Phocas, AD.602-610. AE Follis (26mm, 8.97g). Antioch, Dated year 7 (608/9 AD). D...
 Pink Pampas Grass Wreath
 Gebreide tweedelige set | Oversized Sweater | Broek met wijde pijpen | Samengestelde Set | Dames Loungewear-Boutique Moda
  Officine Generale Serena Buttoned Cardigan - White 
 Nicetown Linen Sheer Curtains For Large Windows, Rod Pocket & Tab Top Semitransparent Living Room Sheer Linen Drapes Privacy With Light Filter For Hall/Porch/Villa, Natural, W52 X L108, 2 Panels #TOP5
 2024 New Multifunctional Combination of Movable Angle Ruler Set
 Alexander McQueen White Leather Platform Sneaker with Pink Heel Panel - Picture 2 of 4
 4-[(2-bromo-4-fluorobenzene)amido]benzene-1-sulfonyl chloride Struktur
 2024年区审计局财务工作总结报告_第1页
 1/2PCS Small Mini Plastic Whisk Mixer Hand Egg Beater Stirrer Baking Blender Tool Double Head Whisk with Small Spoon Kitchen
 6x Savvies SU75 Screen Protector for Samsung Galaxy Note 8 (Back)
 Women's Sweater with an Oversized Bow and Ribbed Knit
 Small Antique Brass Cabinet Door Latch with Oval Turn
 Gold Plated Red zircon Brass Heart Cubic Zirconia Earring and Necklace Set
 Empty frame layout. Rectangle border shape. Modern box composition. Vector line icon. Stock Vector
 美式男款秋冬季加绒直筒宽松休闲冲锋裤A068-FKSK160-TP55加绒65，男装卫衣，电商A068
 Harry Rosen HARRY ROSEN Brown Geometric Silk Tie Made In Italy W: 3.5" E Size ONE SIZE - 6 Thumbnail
==*==
* _PROBLEM STATEMENT_
Please give back only the lines starting with the one that contains "Empty frame layout." and ending with the last line of the listing, retyped exactly.

* _TASK SOLUTION_
 Empty frame layout. Rectangle border shape. Modern box composition. Vector line icon. Stock Vector
 美式男款秋冬季加绒直筒宽松休闲冲锋裤A068-FKSK160-TP55加绒65，男装卫衣，电商A068
 Harry Rosen HARRY ROSEN Brown Geometric Silk Tie Made In Italy W: 3.5" E Size ONE SIZE - 6 Thumbnail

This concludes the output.